ASSIGNED TASK
Return the following lines and nothing else: the one holding "Tête d'animal cheveux" and all those after it in the records below, unchanged, minus any pictures.

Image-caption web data
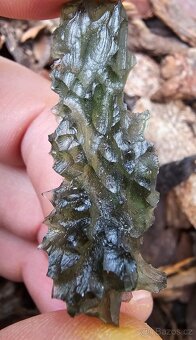 Vltavíny Besednice - 4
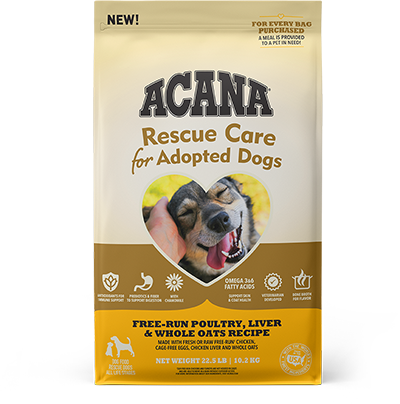 Champion-Petfoods-ACANA-rescue-care-for-adopted-dogs.png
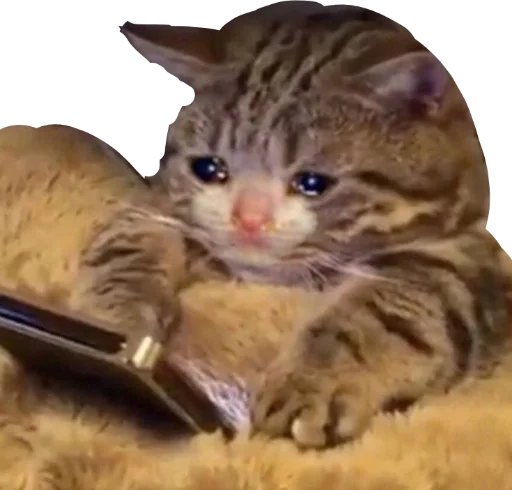 Стикер deadinside1007 - 1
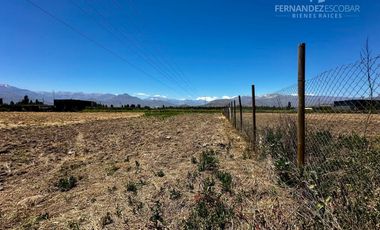 CALLE LARGA - VENDE TERRENO DE 5.000 m2 LOS VILLARES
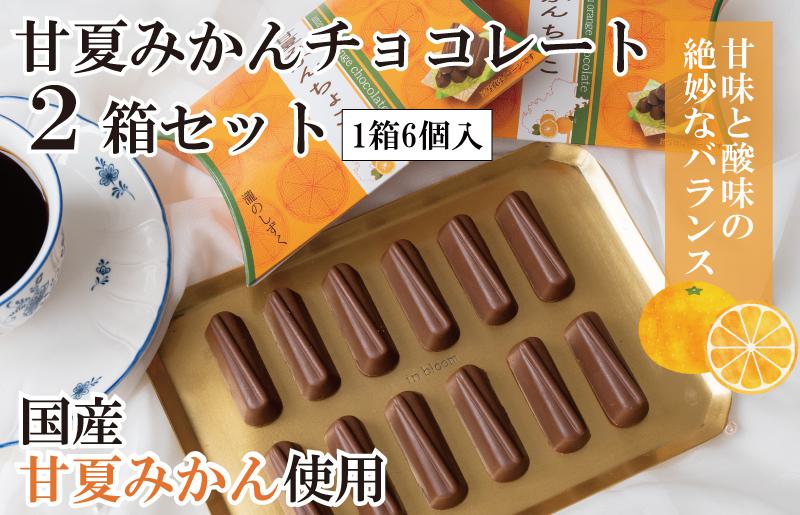 【スピード発送】甘夏みかんチョコレート 2箱セット  瀧のしずく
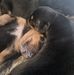 Denise Parry - Facebook
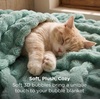 image:imageBedsure 3D Fleece Bubble Blanket for Couch  GentleSoft Green Spring Throw Blanket for Sofa Bed Home Decor  Luxury Soft Cozy Gifts for Women Lightweight All Seasons Sage Green506005 Sage Green
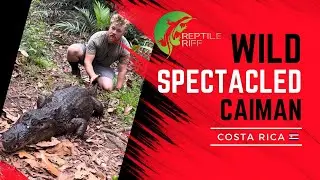 SPECTACLED CAIMAN - COSTA RICA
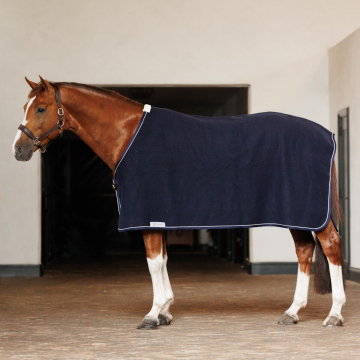 Dominick Wool Rug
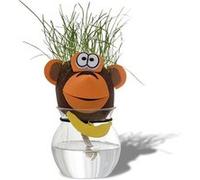 Tête d'animal cheveux d'herbe qui pousse singe Multi G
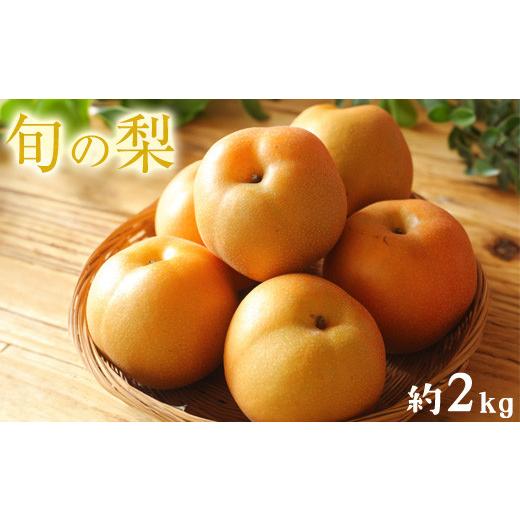 ふるさと納税 梨 熊本県 荒尾市 梨 予約 旬の梨（幸水梨 豊水梨 あきづき 甘太 新興梨 晩三吉梨 のいずれか）約 2kg （2-6玉）なし フルーツ 果物 新鮮 クール…_1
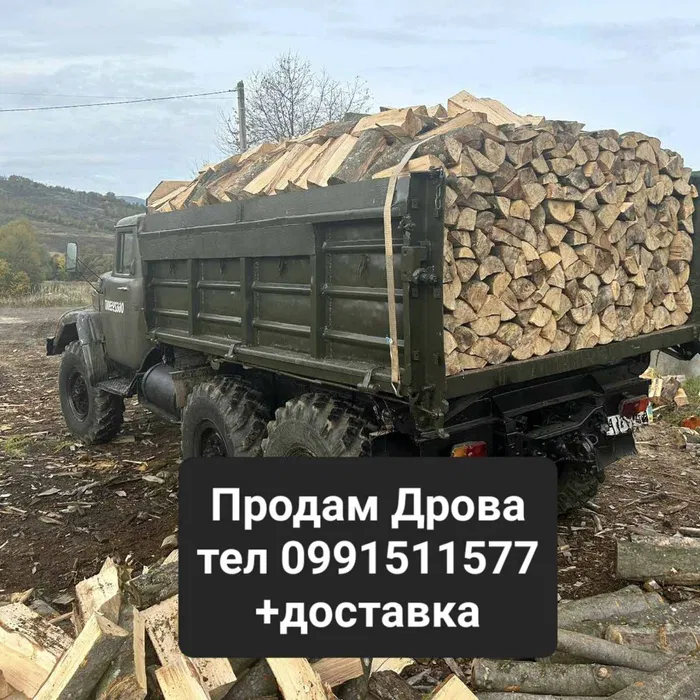 Дрова різних пород і розмірів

OUTPUT FOR THIS TASK
 Tête d'animal cheveux d'herbe qui pousse singe Multi G
 ふるさと納税 梨 熊本県 荒尾市 梨 予約 旬の梨（幸水梨 豊水梨 あきづき 甘太 新興梨 晩三吉梨 のいずれか）約 2kg （2-6玉）なし フルーツ 果物 新鮮 クール…_1
 Дрова різних пород і розмірів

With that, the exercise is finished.